-- Input data follows --

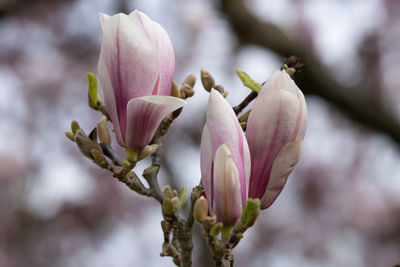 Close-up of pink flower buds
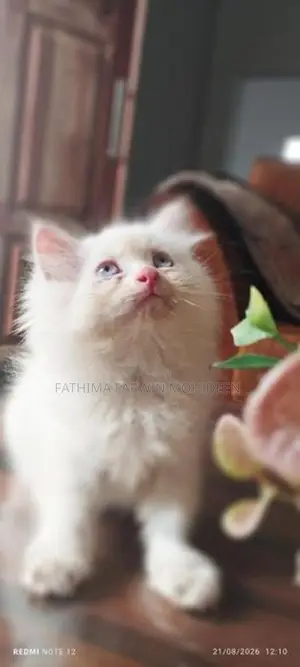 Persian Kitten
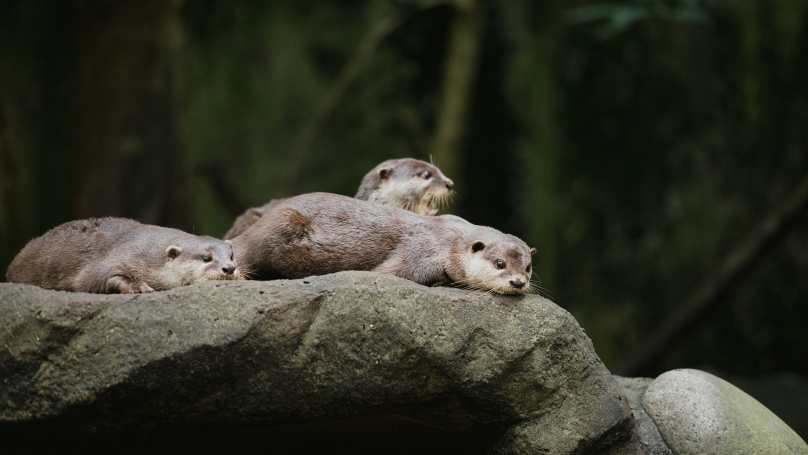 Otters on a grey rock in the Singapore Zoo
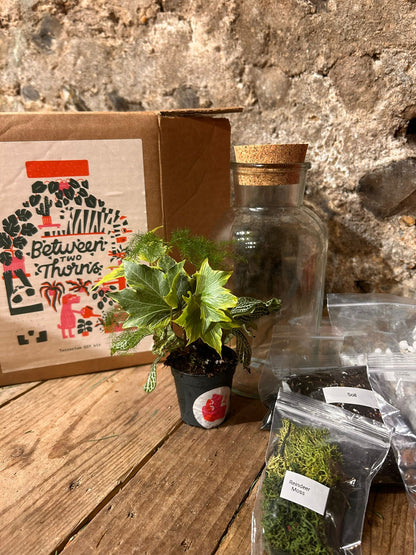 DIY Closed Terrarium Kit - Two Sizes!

-- Input data concluded --
-- Input data follows --

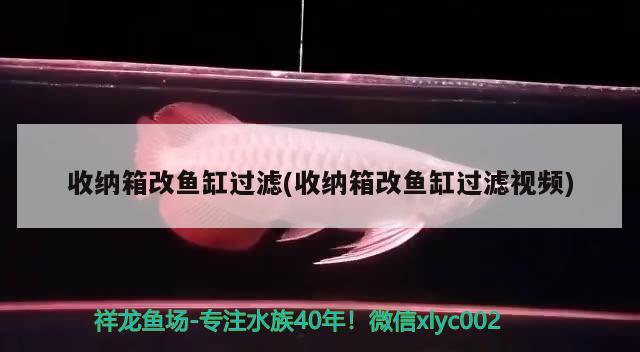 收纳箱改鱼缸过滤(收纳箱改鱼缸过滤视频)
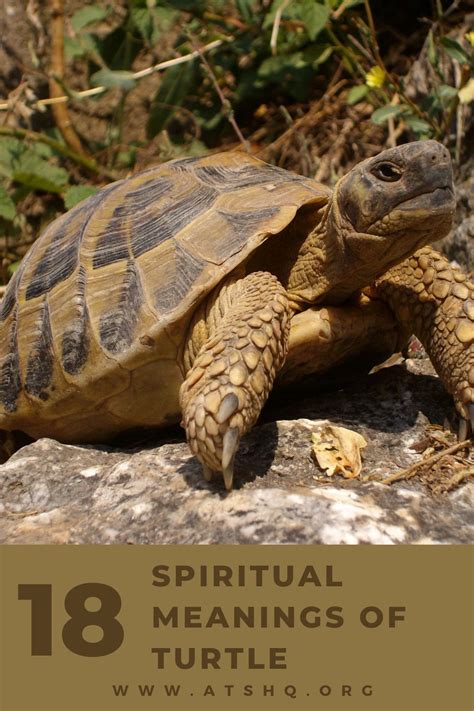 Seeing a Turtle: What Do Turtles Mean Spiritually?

-- Input data concluded --
-- Input data follows --

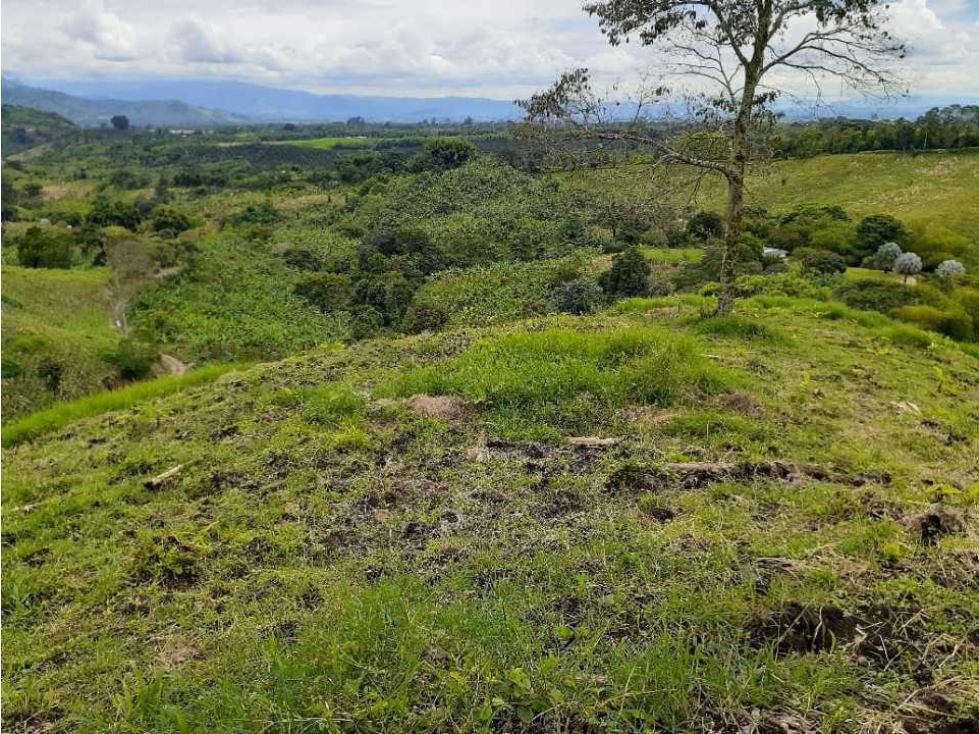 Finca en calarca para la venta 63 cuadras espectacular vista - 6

-- Input data concluded --

**Exercise prompt**
Could the stretch from the line with "Close-up of pink flower buds" through the line with "DIY Closed Terrarium Kit - Two Sizes!" in the listing above be restated word for word, minus the pictures?

**Answer for this exercise**
 Close-up of pink flower buds
 Persian Kitten
 Otters on a grey rock in the Singapore Zoo
 DIY Closed Terrarium Kit - Two Sizes!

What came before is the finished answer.